I was given this recipe many years ago and thought I would share it with you. The delicate crisp biscuits are just the accompaniment for a cup of coffee or tea.
Coconut, Cornflake Meringue Cookies
Ingredients:
- 2 cups corn flakes
- 3/4 cup of coconut
- 3/4 cup of sugar
- 2 tbsp melted butter
- 2 egg whites at room temperature*
- pinch of salt
Method:
- Preheat oven to 170º C FF
- Line a biscuit tray with baking paper
- Carefully separate the egg whites from the yolks
- Mix cornflakes, coconut and melted butter in a bowl.

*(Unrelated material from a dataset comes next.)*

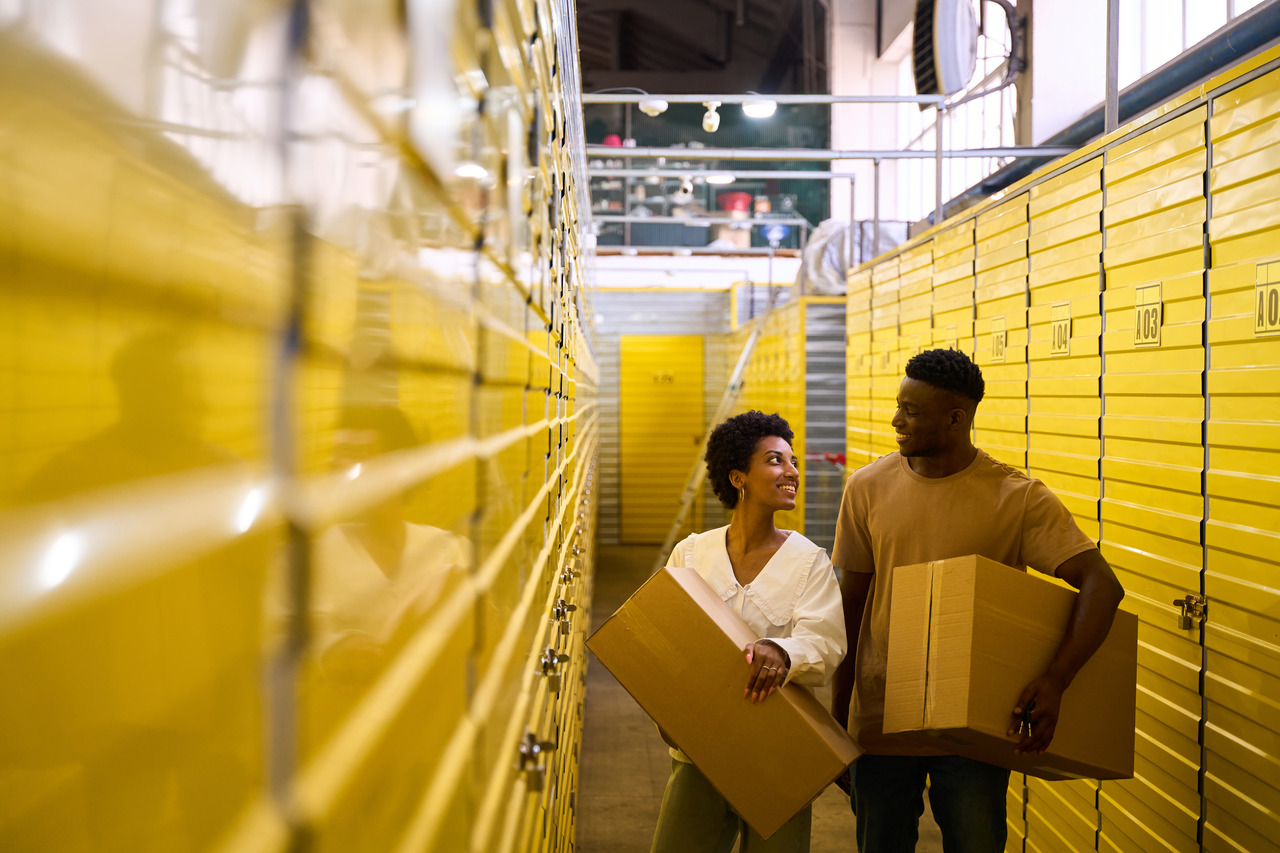 two people carry boxes in an indoor storage unit facility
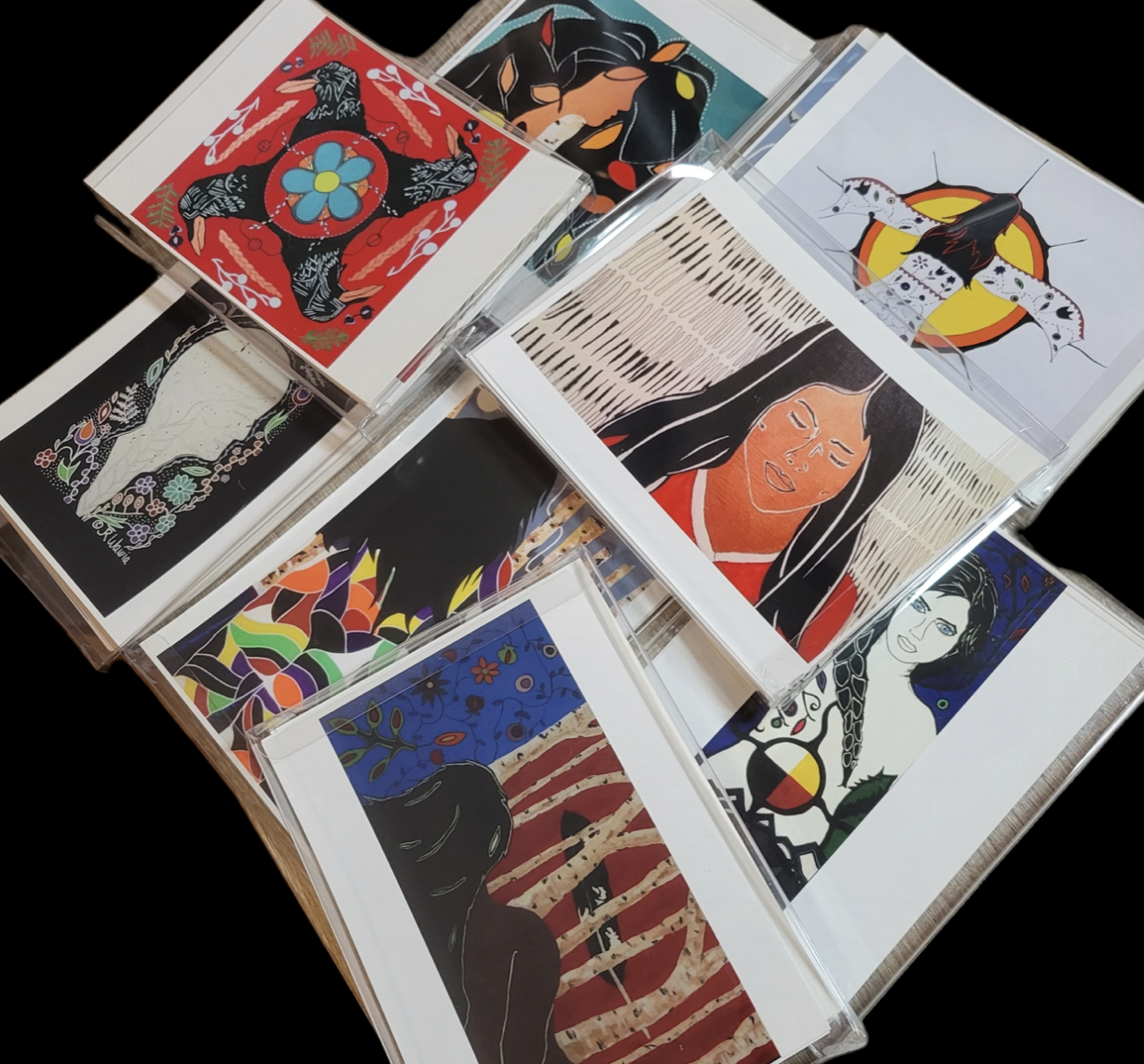 a series of beautiful indigenous imagery painted postcards by Janelle Wawia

- Using another deep bowl, add egg whites and a pinch of salt and beat using a hand mixer on a medium speed
- Add the sugar at the edge of the bowl, one or two tablespoons at a time to egg whites beating after each addition. Beat until the egg whites are glossy and form stiff peaks
The meringue should be glossy with stiff peaks - Fold in the coconut, cornflake mix
- Put heaped spoonfuls of the mix on a tray lined with baking paper 4 cm apart
- Bake for 10 minutes
- Let the biscuits to cool on the baking tray for 5 minutes before gently transferring them with a spatula to a rack to cool
* Note: eggs are easier to separate when cold. For this recipe put the eggs in the fridge before separating the whites and then set the whites aside to warm up to room temperature before using. Egg whites at room temperature are easier to aerate.